## Exercise brief:
Print a faithful copy of the data below, word for word, with the pictures left out.

## Collected data:

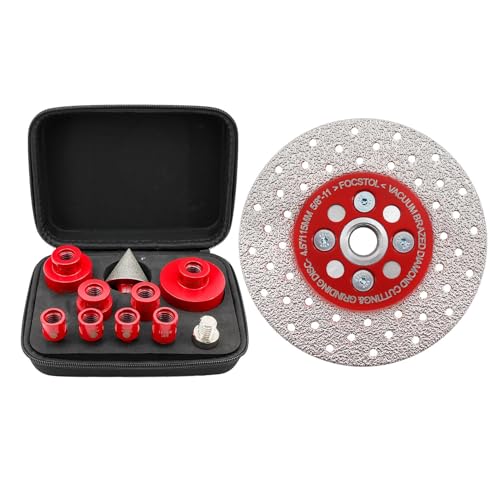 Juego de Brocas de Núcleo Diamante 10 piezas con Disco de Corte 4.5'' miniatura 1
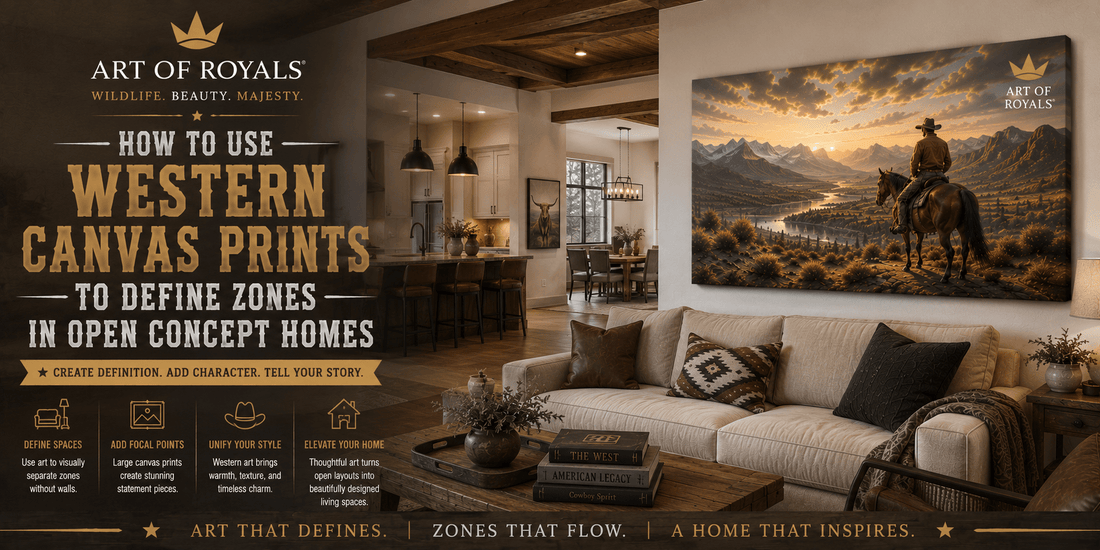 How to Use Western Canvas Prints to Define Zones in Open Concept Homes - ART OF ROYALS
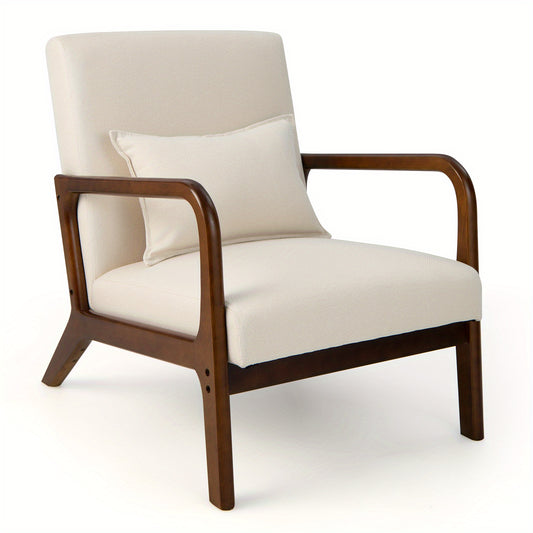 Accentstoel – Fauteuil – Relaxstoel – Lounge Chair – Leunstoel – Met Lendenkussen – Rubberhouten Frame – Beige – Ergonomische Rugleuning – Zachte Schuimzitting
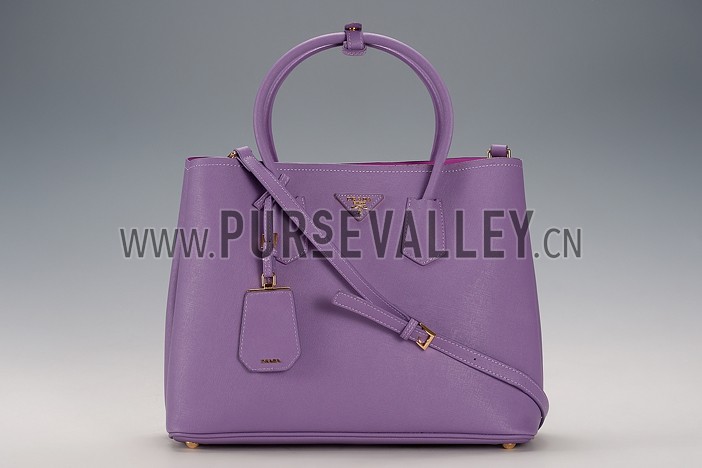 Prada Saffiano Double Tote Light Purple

## Result for this task:
 Juego de Brocas de Núcleo Diamante 10 piezas con Disco de Corte 4.5'' miniatura 1
 How to Use Western Canvas Prints to Define Zones in Open Concept Homes - ART OF ROYALS
 Accentstoel – Fauteuil – Relaxstoel – Lounge Chair – Leunstoel – Met Lendenkussen – Rubberhouten Frame – Beige – Ergonomische Rugleuning – Zachte Schuimzitting
 Prada Saffiano Double Tote Light Purple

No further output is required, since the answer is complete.